→ **What is needed**
Repeat the listing exactly, line by line, and leave the pictures behind.

→ **Source data**

• • •

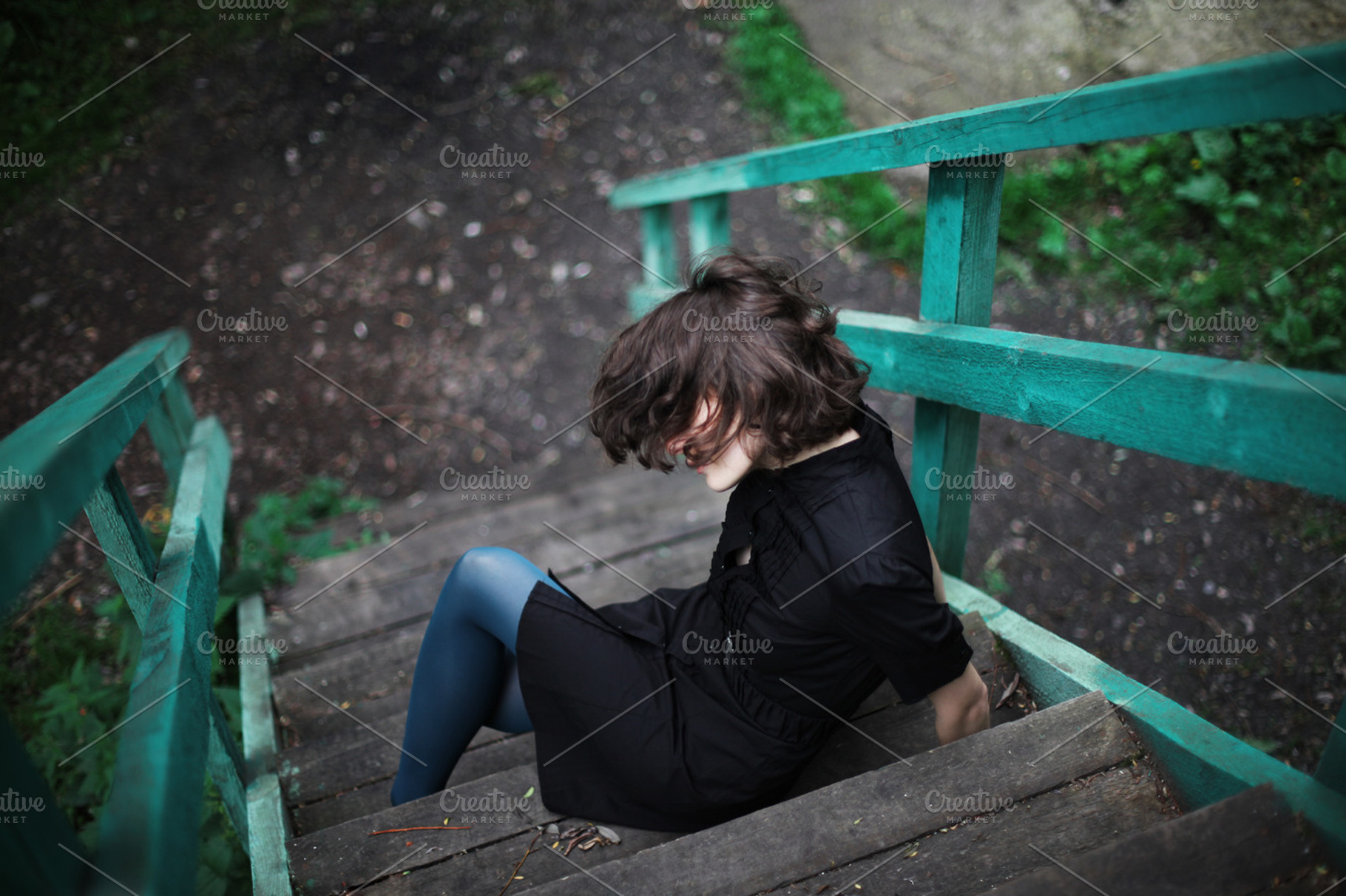 Girl sitting on the stairs stock photo containing girl and teen, a Person Photo by FilterAtelier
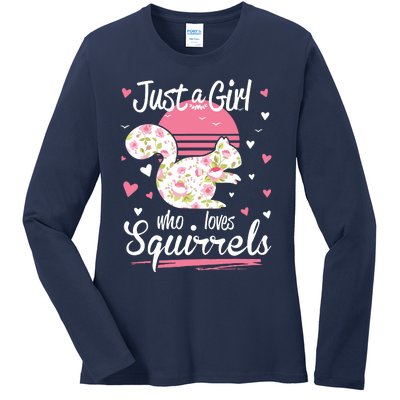 Squirrel Just A Who Loves Squirrels Ladies Long Sleeve Shirt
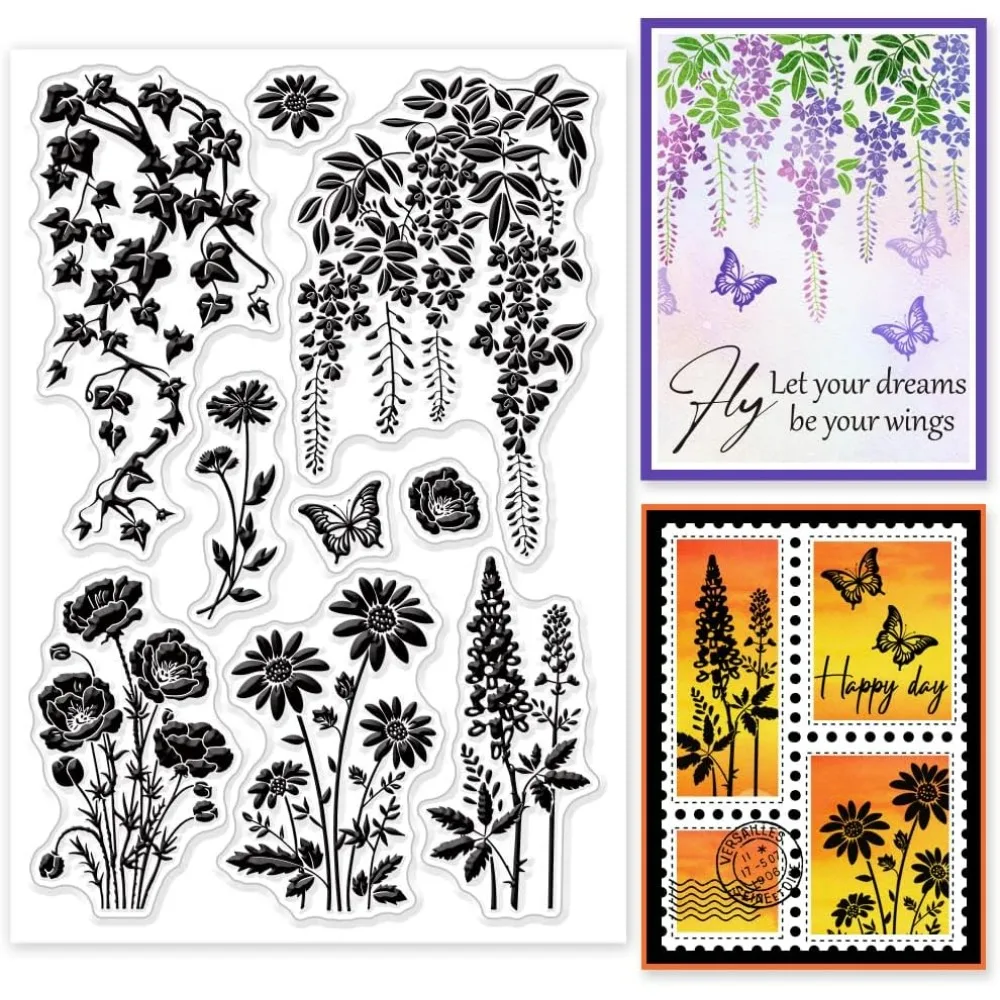 Plant Flower Silhouette Clear Stamps Vine Daisy Butterfly Silicone Stamp Seals Transparent Stamps for DIY Scrapbooking Cards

• • •

→ **Written solution**
 Girl sitting on the stairs stock photo containing girl and teen, a Person Photo by FilterAtelier
 Squirrel Just A Who Loves Squirrels Ladies Long Sleeve Shirt
 Plant Flower Silhouette Clear Stamps Vine Daisy Butterfly Silicone Stamp Seals Transparent Stamps for DIY Scrapbooking Cards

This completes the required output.